There's a reason for this: Both parties realize from bitter experience that they can't win just by carrying their own base of voters. They need to capture swing voters and more than 10 to 20 percent of the other party's base to win the presidency. So the president claims credit for enacting welfare reform, raising the minimum wage, easing small-business taxes, and enacting a health-insurance portability bill - though a GOP Congress passed them.

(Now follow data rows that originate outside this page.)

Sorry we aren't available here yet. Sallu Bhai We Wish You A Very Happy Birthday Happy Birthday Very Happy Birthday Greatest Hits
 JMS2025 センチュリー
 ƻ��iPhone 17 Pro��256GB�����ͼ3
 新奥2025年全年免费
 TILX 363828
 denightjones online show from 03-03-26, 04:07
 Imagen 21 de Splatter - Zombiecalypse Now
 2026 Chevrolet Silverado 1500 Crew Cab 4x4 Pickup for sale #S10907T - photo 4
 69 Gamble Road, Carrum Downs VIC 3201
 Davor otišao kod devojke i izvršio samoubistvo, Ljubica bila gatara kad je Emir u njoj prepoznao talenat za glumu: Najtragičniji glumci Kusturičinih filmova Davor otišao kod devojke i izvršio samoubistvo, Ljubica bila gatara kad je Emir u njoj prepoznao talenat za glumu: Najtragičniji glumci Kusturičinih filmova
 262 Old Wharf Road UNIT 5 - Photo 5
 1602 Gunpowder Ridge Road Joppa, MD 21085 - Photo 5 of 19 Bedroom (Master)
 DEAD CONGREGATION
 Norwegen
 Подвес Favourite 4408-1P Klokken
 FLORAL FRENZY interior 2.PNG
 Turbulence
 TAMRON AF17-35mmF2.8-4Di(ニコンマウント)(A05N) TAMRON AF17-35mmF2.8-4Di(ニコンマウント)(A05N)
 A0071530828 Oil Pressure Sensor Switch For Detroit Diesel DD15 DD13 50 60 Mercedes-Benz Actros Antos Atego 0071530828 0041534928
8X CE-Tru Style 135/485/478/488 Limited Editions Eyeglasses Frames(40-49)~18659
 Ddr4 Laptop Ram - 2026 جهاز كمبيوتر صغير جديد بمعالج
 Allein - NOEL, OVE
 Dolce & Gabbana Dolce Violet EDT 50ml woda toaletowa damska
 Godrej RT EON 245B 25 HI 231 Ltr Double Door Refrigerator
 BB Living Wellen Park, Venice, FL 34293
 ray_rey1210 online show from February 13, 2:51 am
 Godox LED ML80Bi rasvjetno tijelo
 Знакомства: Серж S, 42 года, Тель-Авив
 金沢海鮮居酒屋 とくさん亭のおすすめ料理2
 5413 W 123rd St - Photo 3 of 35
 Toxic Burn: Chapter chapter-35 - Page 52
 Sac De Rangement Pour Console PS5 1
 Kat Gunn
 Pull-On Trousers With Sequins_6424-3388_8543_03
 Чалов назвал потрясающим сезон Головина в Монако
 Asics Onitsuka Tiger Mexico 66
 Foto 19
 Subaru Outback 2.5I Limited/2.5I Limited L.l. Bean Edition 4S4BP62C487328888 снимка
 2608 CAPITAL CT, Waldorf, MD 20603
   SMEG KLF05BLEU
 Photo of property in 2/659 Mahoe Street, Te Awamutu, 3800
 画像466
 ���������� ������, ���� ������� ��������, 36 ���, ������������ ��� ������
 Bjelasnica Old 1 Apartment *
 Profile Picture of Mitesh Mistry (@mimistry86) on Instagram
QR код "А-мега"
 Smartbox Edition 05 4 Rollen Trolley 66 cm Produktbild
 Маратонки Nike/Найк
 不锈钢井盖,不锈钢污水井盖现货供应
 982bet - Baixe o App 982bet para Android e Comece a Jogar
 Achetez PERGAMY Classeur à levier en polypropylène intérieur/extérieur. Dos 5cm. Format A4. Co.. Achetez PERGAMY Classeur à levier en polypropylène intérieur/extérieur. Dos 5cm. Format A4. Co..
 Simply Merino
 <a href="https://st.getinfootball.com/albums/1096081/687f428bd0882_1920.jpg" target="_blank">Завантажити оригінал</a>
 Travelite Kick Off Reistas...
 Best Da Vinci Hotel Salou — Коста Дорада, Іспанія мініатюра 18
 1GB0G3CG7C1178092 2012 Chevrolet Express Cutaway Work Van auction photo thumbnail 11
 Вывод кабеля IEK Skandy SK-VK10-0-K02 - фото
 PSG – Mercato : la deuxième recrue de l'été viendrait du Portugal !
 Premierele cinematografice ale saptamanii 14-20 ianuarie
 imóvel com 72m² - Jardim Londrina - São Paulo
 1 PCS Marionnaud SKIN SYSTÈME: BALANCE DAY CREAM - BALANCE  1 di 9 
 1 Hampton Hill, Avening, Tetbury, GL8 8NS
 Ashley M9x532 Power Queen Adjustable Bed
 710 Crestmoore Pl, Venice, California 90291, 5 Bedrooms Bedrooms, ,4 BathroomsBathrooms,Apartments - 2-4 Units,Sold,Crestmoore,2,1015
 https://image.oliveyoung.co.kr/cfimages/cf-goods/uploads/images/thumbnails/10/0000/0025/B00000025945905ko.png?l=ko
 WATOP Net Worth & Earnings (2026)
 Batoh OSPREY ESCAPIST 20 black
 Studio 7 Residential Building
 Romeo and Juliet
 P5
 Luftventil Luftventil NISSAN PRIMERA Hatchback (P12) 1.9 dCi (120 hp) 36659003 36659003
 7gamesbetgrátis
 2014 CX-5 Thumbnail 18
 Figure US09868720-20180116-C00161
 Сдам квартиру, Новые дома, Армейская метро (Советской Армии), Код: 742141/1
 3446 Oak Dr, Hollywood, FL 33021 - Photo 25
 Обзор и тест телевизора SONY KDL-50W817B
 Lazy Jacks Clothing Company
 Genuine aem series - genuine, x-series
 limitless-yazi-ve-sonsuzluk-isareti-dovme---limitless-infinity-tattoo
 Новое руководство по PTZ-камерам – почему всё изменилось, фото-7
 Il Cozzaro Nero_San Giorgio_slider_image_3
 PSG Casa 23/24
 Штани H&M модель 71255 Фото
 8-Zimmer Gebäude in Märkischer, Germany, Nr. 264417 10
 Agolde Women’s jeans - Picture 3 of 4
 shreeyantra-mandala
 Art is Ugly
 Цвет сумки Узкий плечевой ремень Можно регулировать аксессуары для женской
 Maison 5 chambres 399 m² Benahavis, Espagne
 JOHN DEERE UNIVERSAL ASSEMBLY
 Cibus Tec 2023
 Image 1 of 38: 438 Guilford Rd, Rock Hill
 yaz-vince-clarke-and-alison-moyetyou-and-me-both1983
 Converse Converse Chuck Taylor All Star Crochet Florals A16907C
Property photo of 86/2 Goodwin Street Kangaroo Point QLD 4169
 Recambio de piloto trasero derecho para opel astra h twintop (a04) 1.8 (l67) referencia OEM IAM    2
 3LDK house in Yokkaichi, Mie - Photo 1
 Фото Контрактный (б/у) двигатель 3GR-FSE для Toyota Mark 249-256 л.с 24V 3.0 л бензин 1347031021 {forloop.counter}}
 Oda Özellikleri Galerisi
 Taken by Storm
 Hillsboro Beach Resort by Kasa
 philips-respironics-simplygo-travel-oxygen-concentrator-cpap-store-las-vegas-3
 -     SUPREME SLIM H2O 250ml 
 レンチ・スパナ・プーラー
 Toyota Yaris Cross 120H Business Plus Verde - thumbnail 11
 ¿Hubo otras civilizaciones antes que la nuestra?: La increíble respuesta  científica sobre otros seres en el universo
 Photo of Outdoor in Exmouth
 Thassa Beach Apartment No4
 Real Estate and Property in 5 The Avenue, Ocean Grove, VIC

Also of note is the president's attempt to make news during the convention week with his train ride through crucial battleground states. His rapid-fire proposals - deny guns to those who batter wives and children, create a $2.5 billion national literacy program so that all children can read by third grade, clean up urban toxic-waste sites, and encourage businesses to hire people on welfare - are aimed squarely at the great center of American politics.
The Democrats must not only seize the middle ground, they must push the Republicans off it in the public mind. They try to do this by derogatory reference to Newt Gingrich, portrayal of the GOP as "extreme," and by insisting that Bob Dole's proposal to cut taxes and balance the budget will create economic havoc.
On this last point, they may be succeeding. One public opinion poll shows that up to 70 percent of the public doubts that taxes can be cut 15 percent and the budget balanced at the same time. But Clinton risks giving tax cuts more credibility by restating his own $100 billion proposal, originally promised in the 1992 presidential campaign. He may add targeted cuts in his acceptance speech tonight.
If the campaign debate revolves around balancing the budget versus cutting taxes, it will be conducted on Clinton's terms. But if, as Republicans hope, it becomes a debate over how much to cut taxes, the GOP will have pulled the president into its home court.